Akiko introduced the man as her father and explains to him that Ryan was her piano teacher. They men shake hands, and Ryan tells us what that was like (page 19).

Jeweled rings dug into my palm. I wondered which of them had caught Akiko on the eyeball. He didn't have a ring on his little finger because his little finger was missing."

"Hajimemashite," Ryan says, and tells us that he was "pretty sure" it meant "nice to meet you".

So we're getting somewhere. 15 percent into the book, and I've learned a second Japanese word. The first was gaijin -- a foreigner" (page 4). Harvey was kind enough to italicize them so I'd be sure to see them.

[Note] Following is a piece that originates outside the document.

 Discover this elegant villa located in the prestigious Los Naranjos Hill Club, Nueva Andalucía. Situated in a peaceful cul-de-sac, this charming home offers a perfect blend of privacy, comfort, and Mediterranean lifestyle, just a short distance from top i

Akiko and her father talk -- argue about something -- and Akiko asks Ryan to play something quiet. He plays the Chopin prelude Akiko was working on. The man grunts. Akiko translates -- he prefers jazz. Ryan says he does do. Akiko, surprised, tells the man, who comes over to the piano and says, in English, "You know 'My Funny Valentine'?"

After Ryan's torrential performance, the man and Akiko talk again, this time more calmly. Akiko tells Ryan the man has a job for him. It seems one of the clubs he owns, which happens to be in Ryan's neighborhood, needs a late-night jazz pianist.

Ryan find's the coincidence a bit odd, but is interested. He has one question, though -- "What happened to the other piano player?" Akiko translates this for the man, who laughs, and Akiko translates his reply -- "A problem with one of his fingers" (page 23).

Now you know where the story is going. The pace picks up and the plot twists.

For $9.95 (US or Canadian?), you can find out who done what to whom, where and when, and you can speculate why.

The 2015 prequel -- Beethoven's Tenth, also published by Rapid Reads -- is billed as a "smart page-turner".